Here's a partial list of interfaces that are implemented in the Libc portion of Libsystem, rather than directly as system calls, and are therefore unavailable to call from Go:

bsd_signal, confstr, creat, crypt, encrypt, ftw, gethostid, gettimeofday, getwd, killpg, nftw, semctl, setpgrp, setregid, setreuid, shmctl, sigsetmask, sigblock, sigpause, sighold, sigrelse, sigignore, statvfs, tcgetsid, uname, utmpx
etc., including all 32 POSIX1e ACL related commands, almost all pty related code, much of termios.

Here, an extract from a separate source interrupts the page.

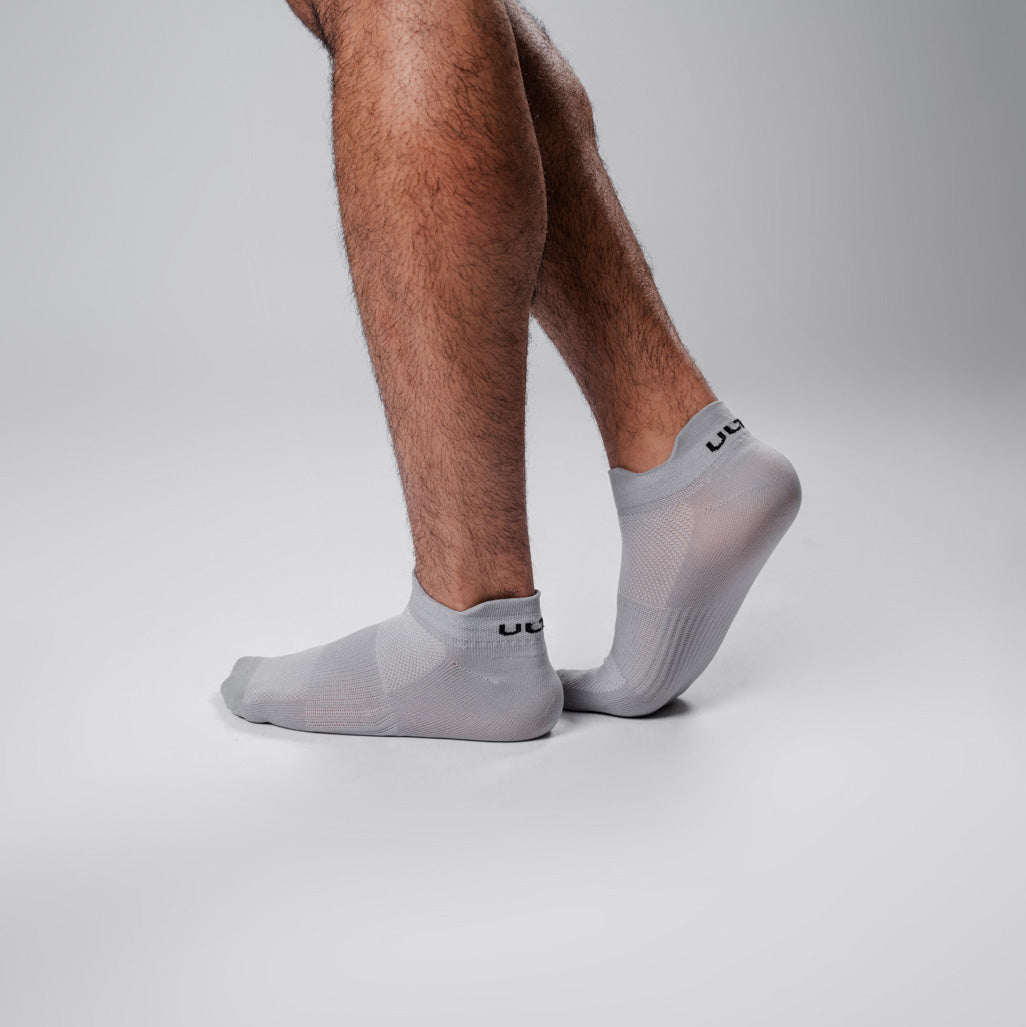 Meia Cano Baixo Dry Cinza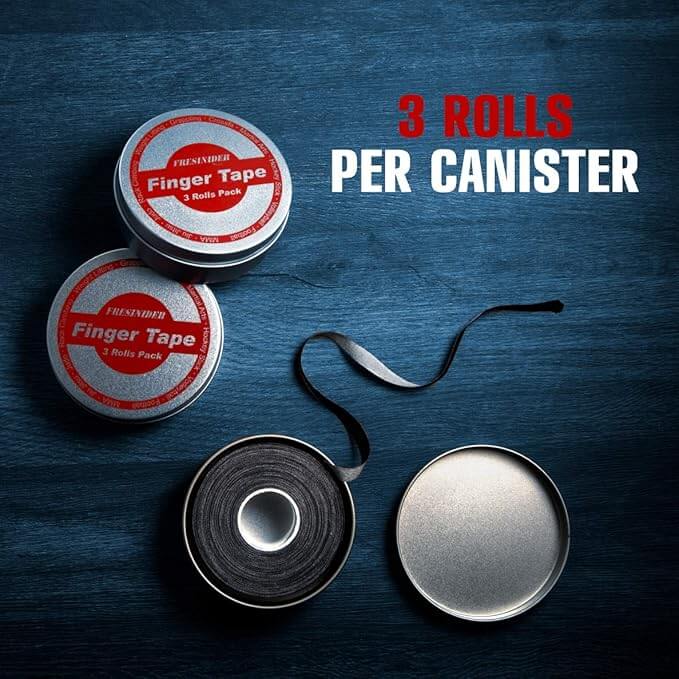 FRESINIDER finger tape 3 rolls per canister for sports and finger support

Here's a partial list of system calls which use an additional parameter/error checking/descriptors at the user/kernel boundary, and therefore randomly exhibit POSIX non-compliant behaviour when called from Go programs:

posix_spawn, posix_spawnp, pthread_create, pthread_mutex_lock, pthread_mutex_unlock, fork, kill, sigaction, sigvec, etc. ...like I said, a job for a QA person to identify them all.

Ideally, what would happen, is that The Open Group VSU, VSX, VSTH, and VSRT tests, at a minimum, would be converted to Go, and verified that they get the same results as their C language counterparts when run against any UNIX or UNIX-like platform. Barring that (due to licensing expense), the Open Source LSB-FHS, LSB-VSX, and LSB-OS tests would be used instead.